> **Prompt**
Once you find the line with "2 bedroom apartment" in the data below, transcribe exactly each line from there to the line with "Old Town Prime, 1", inclusive, and nothing else. Drop the pictures.

> **Source data**
⁂

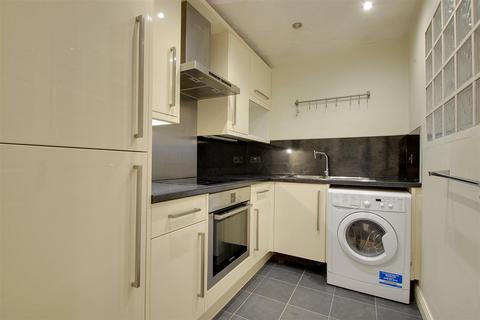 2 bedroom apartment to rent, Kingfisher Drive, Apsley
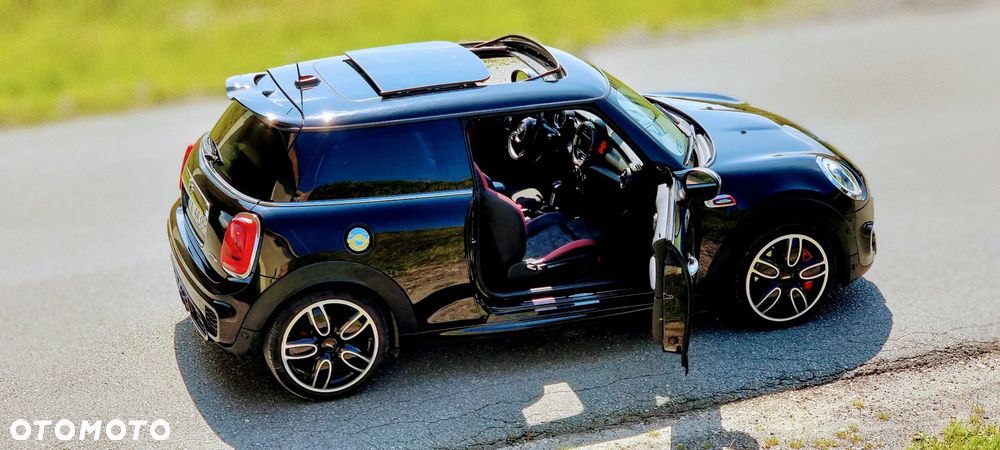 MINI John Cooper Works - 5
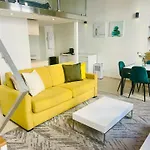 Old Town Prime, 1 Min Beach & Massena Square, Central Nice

⁂

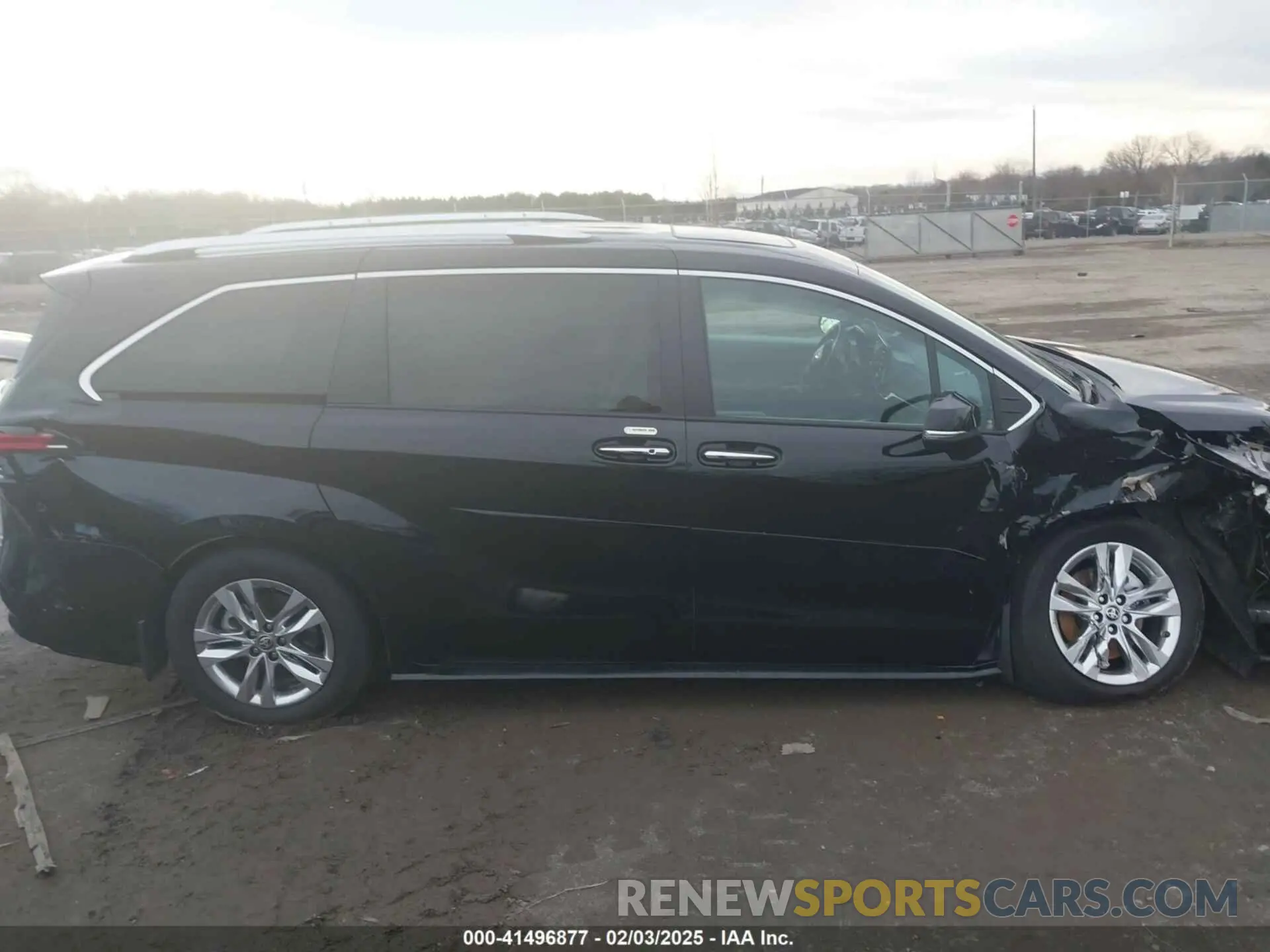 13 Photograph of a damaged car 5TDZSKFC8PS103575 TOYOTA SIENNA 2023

⁂

> **Answer**
 2 bedroom apartment to rent, Kingfisher Drive, Apsley
 MINI John Cooper Works - 5
 Old Town Prime, 1 Min Beach & Massena Square, Central Nice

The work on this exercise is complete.